Audit all cron jobs in /etc/crontab, /etc/cron.d/, and all user crontabs for scripts executed with elevated privileges. Ensure every script executed by root-owned cron jobs is owned by root and is not world-writable or group-writable by untrusted groups. Remove any cron references to non-existent scripts immediately — attackers can create the missing file at the expected path. Implement file integrity monitoring on all cron-executed scripts.
F-006 — Cross-Site Scripting (XSS) — Session Hijacking
6.1
Medium
CVSS:3.1/AV:N/AC:L/PR:N/UI:R/S:C/C:L/I:L/A:N

Description

During the penetration test, it was discovered that the application reflected or stored user-supplied input in HTML responses without applying appropriate context-sensitive output encoding.

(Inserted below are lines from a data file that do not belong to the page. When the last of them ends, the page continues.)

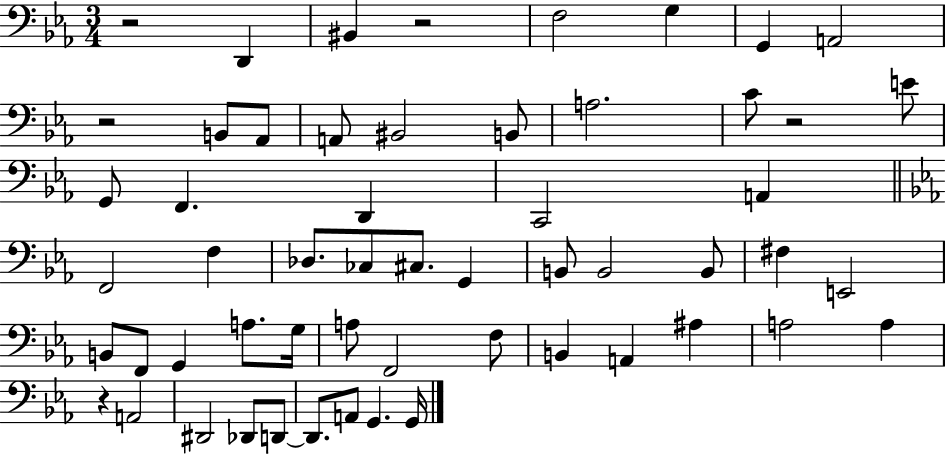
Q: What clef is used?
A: bass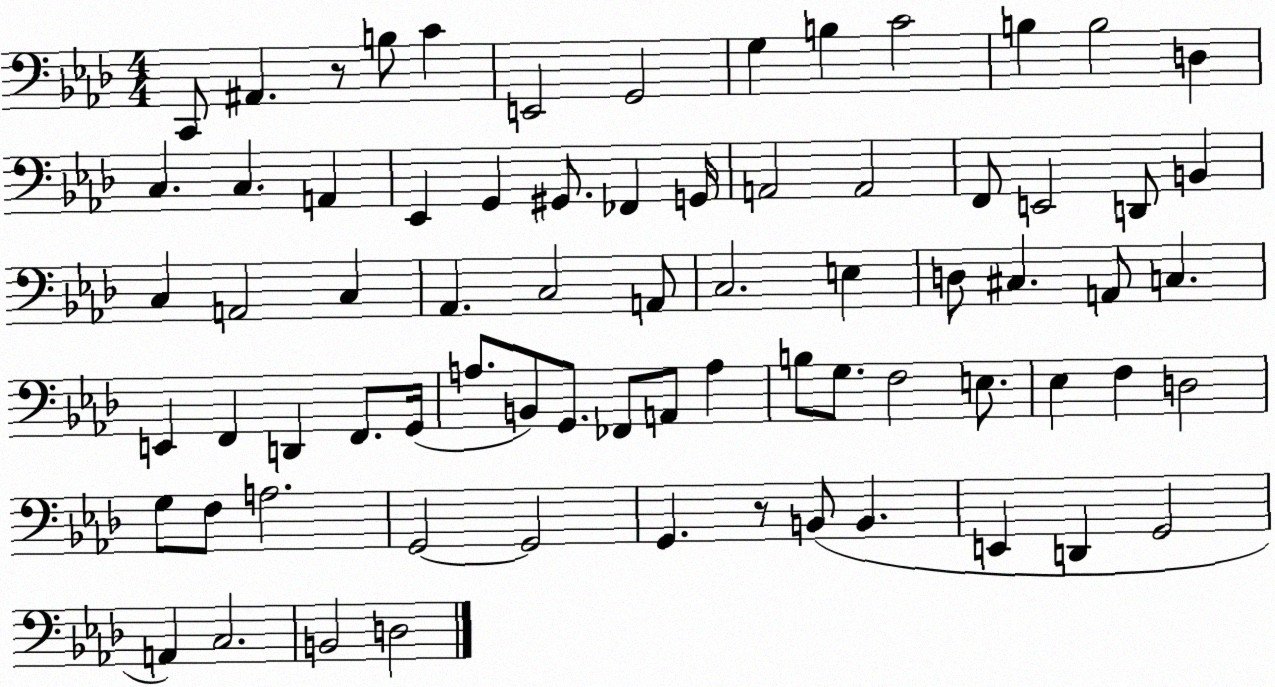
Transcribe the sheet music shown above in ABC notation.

X:1
T:Untitled
M:4/4
L:1/4
K:Ab
C,,/2 ^A,, z/2 B,/2 C E,,2 G,,2 G, B, C2 B, B,2 D, C, C, A,, _E,, G,, ^G,,/2 _F,, G,,/4 A,,2 A,,2 F,,/2 E,,2 D,,/2 B,, C, A,,2 C, _A,, C,2 A,,/2 C,2 E, D,/2 ^C, A,,/2 C, E,, F,, D,, F,,/2 G,,/4 A,/2 B,,/2 G,,/2 _F,,/2 A,,/2 A, B,/2 G,/2 F,2 E,/2 _E, F, D,2 G,/2 F,/2 A,2 G,,2 G,,2 G,, z/2 B,,/2 B,, E,, D,, G,,2 A,, C,2 B,,2 D,2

By injecting JavaScript payload into vulnerable input fields, the malicious script executes in the browser of any user who views the affected page — including administrators — without any interaction beyond viewing the page.

Impact

An attacker can hijack authenticated user sessions by stealing session cookies, capture credentials entered on the affected page, perform actions on behalf of victims using their active session, and redirect users to phishing pages. Where the XSS affects administrator users, complete application account takeover is achievable. During this engagement, a stored XSS payload targeting an administrator triggered session token theft which was used to obtain privileged application access.

Confidentiality
Low
Integrity
Low
Availability
None

Remediation

Apply context-sensitive output encoding for all user-supplied data rendered in HTML — HTML entity encoding for HTML context, JavaScript string escaping for script context, URL encoding for URL attributes. Implement a strict Content Security Policy (CSP) that disables inline script execution and restricts script sources to trusted origins. Set the HttpOnly flag on all session cookies to prevent JavaScript access. Apply the SameSite=Strict cookie attribute to mitigate CSRF-combined XSS chains.